Allah, gökler , yer ve ikisi arasında olanların altı günde yaratıldığını haber vermiştir. Bu günler, güneş ve ayın hareketleri dışında başka bir hareketle ölçülen bir zaman dilimidir. Bu alemin muhdes
ve mahluk olduğunu, ondan önce bir maddenin olduğunu söyleyen filozoflarının
cumhurunun görüşüdür. Ancak onlardan bazılarının, sözü edilen bu maddenin
muayyen, ezeli ve kadim olduğunu söyledikleri anlatılır. Bu batıldır. Biz bunu
başka yerde açıkladık. Buradaki amaç: Onların (filozofların) sözlerine naklin,
delalet ettiğini söyleyenlerin görüşlerine kısaca işaret etmektedir.
Eğer denilirse:
"Evveli olmayan hadislerin iptaline şu ayetler delalet etmektedir:
"Herşey O'nun yanında bir ölçüyledir." (Ra'd: 13/8)

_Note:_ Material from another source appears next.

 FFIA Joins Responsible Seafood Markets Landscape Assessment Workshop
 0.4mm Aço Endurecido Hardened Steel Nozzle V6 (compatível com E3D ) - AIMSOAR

"O, herşeyi bir bir sayar."
(Cin: 72/28)
Onlara şöyle cevap verilir:
Eğer bu doğru olsaydı tıpkı sıfatlara delalet eden şeylerin nefyedilmesi gibi gizli delaletin onu muhal kılması doğru olmazdı.
Bu konuda açık birçok nas vardır. Sizin söylediklerinizin sahih bir delil olduğu kabul edilse bile, gizli bir çok mukaddimeye ihtiyaç vardır. Mesela şöyle denilmesi gibi:
Bu, evveli olmayan hadislerin butlanını gerektirir.
Bu cismin hudusunu gerektirir. Çünkü cisim kadim olsaydı, hadislerin başlangıcının olmaması gerekirdi. Çünkü cisim, hadisleri gerektirir. Cisim hadislerden uzak olmaz. Çünkü varlıkların veya hareketlerin veya arazların ona gereksinimi vardır.
Bundan sonra şöyle denilir:
Sıfatların ispatı, mevsufun cisim olmasını gerektirir. Bu mukaddime, kendi içinde onu söyleyenlerle çelişmektedir. İnşaallah bunu açıklayacağız.
"O her şeyi bir bir sayar" ayeti buna nasıl delil olmaktadır?
Allah Subhanehu, mahlukatın ölçüsünü gökleri ve yeri yaratmazdan elli bin sene önce takdir etmiştir.
"Şüphesiz Biz herşeyi apaçık bir kitapta saymışızdır"
(Yasin: 39/12)
O, olmazdan önce, belli bir süre için var olacak şeyleri saymış ve yazmıştır.
O, varken sonradan yok olmuş saydığı gibi madum olan müstakbeli de saymıştır. İhsa (saymak) lafzı ikisi (geçmiş ve gelecek) arasında ayrım yapmaz. Her ne kadar ayetteki ihsa, cümleten sana ermeyen şeyleri geçersede ayette delil olacak hiç bir husus yoktur.
Eğer "Aksine müstakbeli saymıştır" denilirse, o zaman bunun takdiri "cümleten ba'de cümletin"
dir. Ayette bununla ilgili bir delil yoktur. Bu durumda mazi hakkında da aynı şeyi söylemek, şüphesiz mümkün olur.
Sonu gelmez ilim konusu iki kavil üzere müşkil bir meseledir. Burada amaç, bu konudaki görüşü sona erdirmek değil, asıl amaç, Allah'ın bu gibi ayetlerde, kudreti ve iradesiyle ezeli olarak mutekellim
oluşunun sürekli oluşunu iptal etmek istemediğidir.